DAMN YOU VALAR.  YOU UTTER, UTTER BASTARDS.

Also, it is really hard to come up with 43 years worth of details for a war that is described in canon as basically 'And then the Valar stomped everyone and it  all fell in the sea.'    I'm trying to make up a possible timeline.  Any warlike suggestions happily accepted.

Date: 2017-01-09 08:12 am (UTC)
From: [identity profile] anna-wing.livejournal.com
Gosh, did I? I will have to re-read my fics, though I don't disagree with it as a strategy. It might have come out in one of the discussions about the Silmarillion that SWG did.

Date: 2017-01-09 09:42 pm (UTC)
ext_189645: (Smaug)
From: [identity profile] bunn.livejournal.com
It makes a lot of sense as a strategy, certainly. But there is, still, a coldness to that strategy which I can't help reacting to - in the same way that there is a coldness to making Earendil a hero, but not allowing him to greet his sons.

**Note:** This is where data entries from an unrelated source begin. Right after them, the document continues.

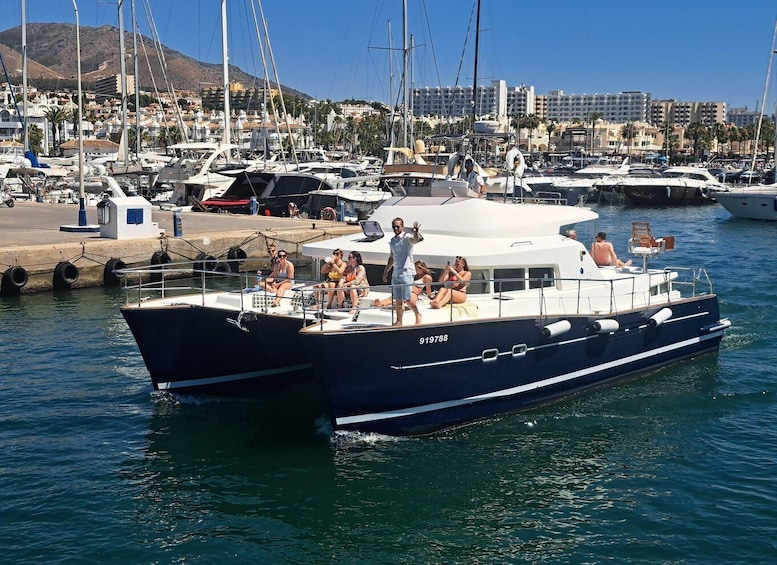 Benalmádena: Catamaran Cruise with Drinks and Swim Stop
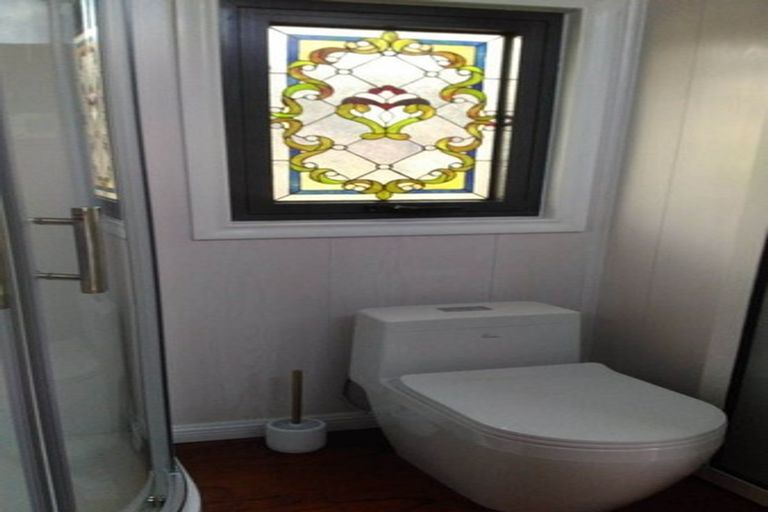 Photo of property in 70 Lauderdale Road, Birkdale, Auckland, 0626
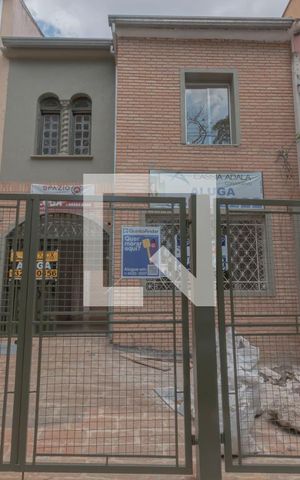Casa para alugar com 150m², 4 quartos e 1 vaga Casa para alugar com 150m², 4 quartos e 1 vagafachada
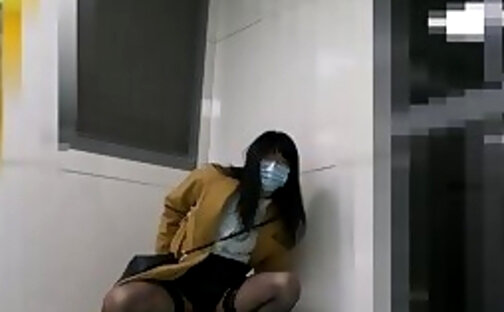 HA29After working overtime, anal masturbation outside the office! Cum on black stockings!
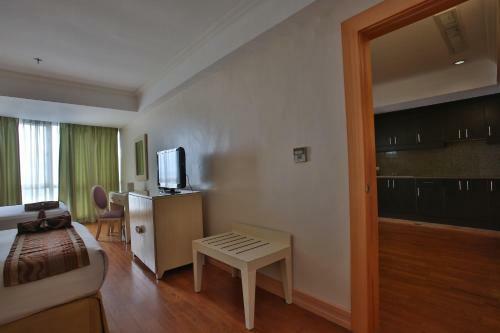 Crown Regency Hotel & Towers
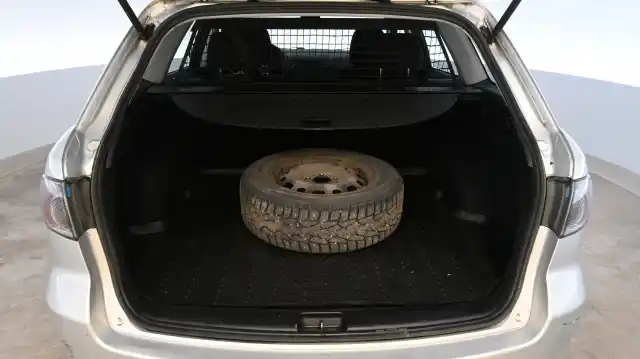 Harmaa Farmari, Mazda Mazda6 – FIK-588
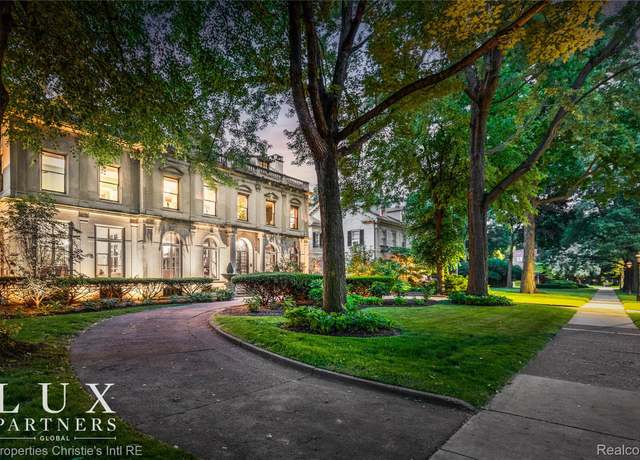 Property at 2150 Iroquois St, Detroit, MI 48201, 6 beds, 4.5 baths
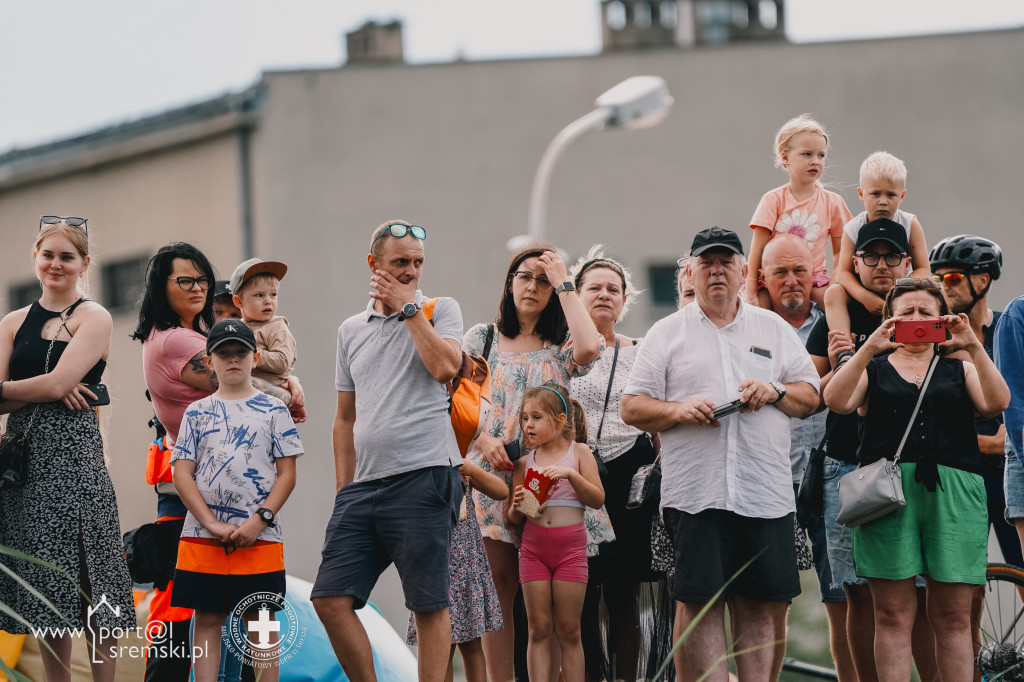 Walczyli dzielnie dzień i noc. W niecałą dobę przepłynęli 100-kilometrową sztafetę pływacką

There's a sense of a cold, absolute light set against the darkness. Which is very First Age, but absolutely not LOTR, where the heart of it is so kind, even when kindness does not seem reasonable.

OK, I recant my cry of 'Down with the Valar'. Instead, I shall replace it with 'All wizards should have a hobbit or two in their care—to teach them the meaning of the word*, and to correct them.'

* I'm sure this should be 'word' not 'world' which is what the quote site I c&p'd from said. But the edition I read most obsessively does have a few typos (I still think the people of Bree SHOULD speak the 'Bee-dialect'!!!) so I'm not sure. And my copy is upstairs, which is miles.

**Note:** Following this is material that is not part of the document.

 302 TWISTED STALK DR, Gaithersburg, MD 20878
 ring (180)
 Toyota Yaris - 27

Edited Date: 2017-01-09 09:46 pm (UTC)

Date: 2017-01-10 01:59 am (UTC)
From: [identity profile] anna-wing.livejournal.com
I don't think it's that they don't care, exactly, it's just that the learning curve is very steep. Consider how short the time-line is for them to learn how to deal with either Elves or Men, compared to the happy geological ages beforehand when the only thing to worry about was cleaning up after Morgoth!

I think of them as well-meaning aliens, doing the best that they can in a situation and with beings that they don't really understand. Also I think they're rational, which is a bit of a handicap.

Date: 2017-01-10 09:32 am (UTC)
ext_189645: (Default)
From: [identity profile] bunn.livejournal.com
Some of them seem to care more than others. Ulmo, for example.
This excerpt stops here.